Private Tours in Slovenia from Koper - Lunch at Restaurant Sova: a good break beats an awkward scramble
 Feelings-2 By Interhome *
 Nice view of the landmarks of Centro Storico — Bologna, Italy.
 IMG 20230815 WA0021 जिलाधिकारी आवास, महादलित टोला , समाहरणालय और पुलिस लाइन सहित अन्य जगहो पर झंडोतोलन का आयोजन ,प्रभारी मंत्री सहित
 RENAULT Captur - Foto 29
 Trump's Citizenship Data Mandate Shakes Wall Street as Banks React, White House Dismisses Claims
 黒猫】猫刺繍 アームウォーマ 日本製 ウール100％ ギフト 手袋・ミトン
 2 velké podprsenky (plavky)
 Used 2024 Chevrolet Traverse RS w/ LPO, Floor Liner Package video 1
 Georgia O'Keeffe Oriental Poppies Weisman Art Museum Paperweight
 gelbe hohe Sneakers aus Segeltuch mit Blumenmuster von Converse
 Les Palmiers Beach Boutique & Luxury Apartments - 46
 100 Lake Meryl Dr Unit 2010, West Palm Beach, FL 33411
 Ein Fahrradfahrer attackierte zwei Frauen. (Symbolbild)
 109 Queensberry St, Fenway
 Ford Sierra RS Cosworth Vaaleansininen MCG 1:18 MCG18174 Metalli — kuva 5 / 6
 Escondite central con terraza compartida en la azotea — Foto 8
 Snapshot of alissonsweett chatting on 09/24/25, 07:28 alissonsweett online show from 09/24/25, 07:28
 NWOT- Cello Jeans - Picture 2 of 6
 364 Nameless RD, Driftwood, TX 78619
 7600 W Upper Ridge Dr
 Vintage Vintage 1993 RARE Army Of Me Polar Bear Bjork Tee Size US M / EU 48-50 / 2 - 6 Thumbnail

★ ★ ★ ★ ★

[Instructions to follow]
Look through the data above and return exactly the lines from the one that contains "IMG 20230815 WA0021" to the one that contains "Georgia O'Keeffe Oriental", inclusive, with nothing else.

[Written answer]
 IMG 20230815 WA0021 जिलाधिकारी आवास, महादलित टोला , समाहरणालय और पुलिस लाइन सहित अन्य जगहो पर झंडोतोलन का आयोजन ,प्रभारी मंत्री सहित
 RENAULT Captur - Foto 29
 Trump's Citizenship Data Mandate Shakes Wall Street as Banks React, White House Dismisses Claims
 黒猫】猫刺繍 アームウォーマ 日本製 ウール100％ ギフト 手袋・ミトン
 2 velké podprsenky (plavky)
 Used 2024 Chevrolet Traverse RS w/ LPO, Floor Liner Package video 1
 Georgia O'Keeffe Oriental Poppies Weisman Art Museum Paperweight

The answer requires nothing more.